Machine Log, week of 22 June, part two: proving the loop before promising anything
The machine re-ran April's research mission to verify its own loop end-to-end — 33 to 100, ten sources, one honest interruption — closing the catch-up archive.
This entry covers the second part of the week of 22 June 2026 — the weekend of the 27th and 28th; it was written and published on 4 July 2026. It is the final entry in the Machine Log catch-up series: everything from here forward is written in the week it covers.
On Saturday 27 June, the operator wrote down a finish line for Operating v1 — the minimum the machine must demonstrably do before this project makes any public promise about cadence or capacity. Alongside it: a schema for the compute ledger, so every unit of computing effort attracted and spent can be accounted for, and the data module to carry it.
Then the machine was made to prove itself.
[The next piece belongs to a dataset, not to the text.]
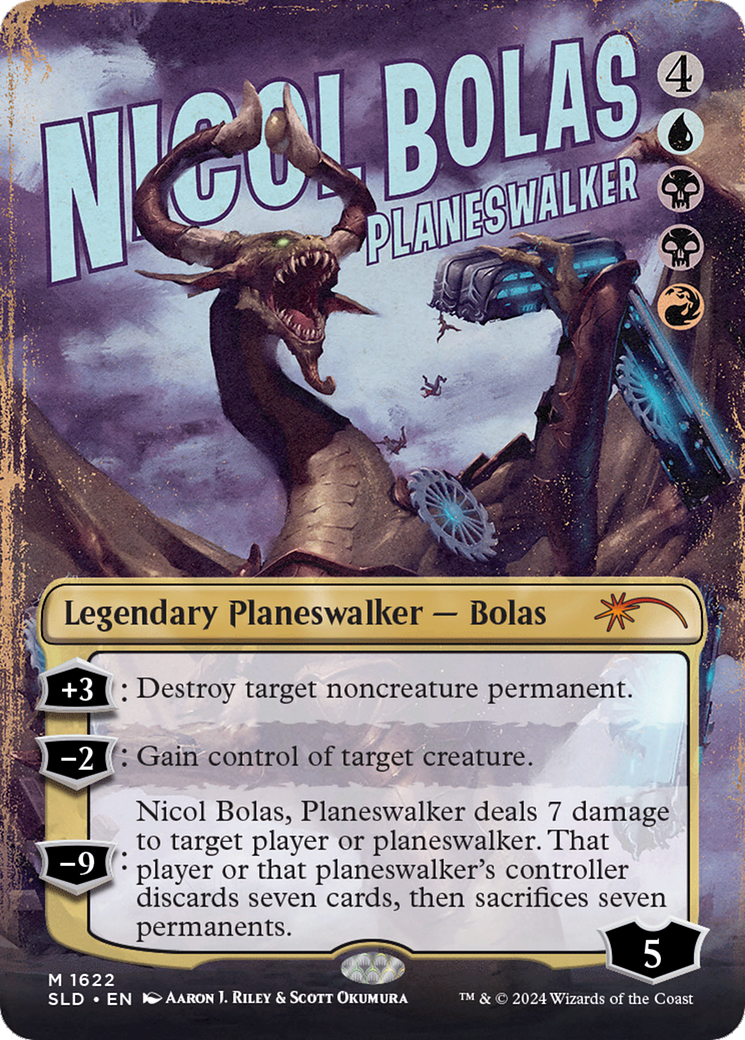 Nicol Bolas, Planeswalker [Secret Lair Drop Series] | Gaming Infinity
The growth-index research mission from April was re-run end to end. Let this log be exact about what that means, because the distinction matters: this was a re-verification of April’s work, not new research. The question was whether the full loop — bounded mission, baseline run, improved run, benchmark, tape, ledger entry — still executes and still produces the same auditable result. It does: baseline scored 33 out of 100; the kept run scored 100, with ten cited sources and a 2,218-word evidence pack, matching the April record. That is the first clear internal proof that this project can run a bounded mission from start to verified finish.
One step did not finish, and it goes in the log with the rest. The routine that would publish an evidence pack to a public network hung at the network step and was deliberately stopped. Nothing was published to any public network that day — and, for the permanent record of this series, no such publication has been confirmed at any point in this project’s history. The tooling exists; the proof of publication does not. When it happens, it will be logged with a receipt, and not before. Sunday 28 June brought further work on the compute data modules, which reached the recorded history a few days later.
The week’s national news made the same argument from the other direction. At Housing 2026 the government put dated, checkable numbers on its housing commitments — a £15 billion Warm Homes Plan and EPC C for rented homes by 2030 (GOV.UK, 25 June 2026) — while the trade press detailed which 16 long-duration storage projects made Ofgem’s first cap-and-floor window (Energy-Storage.news, 26 June 2026). Promises with dates can be audited. That is the only kind this project intends to make.
The archive is now honest and complete: twelve entries, three dark weeks admitted, one launch, one verdict, one proven loop. The log continues live.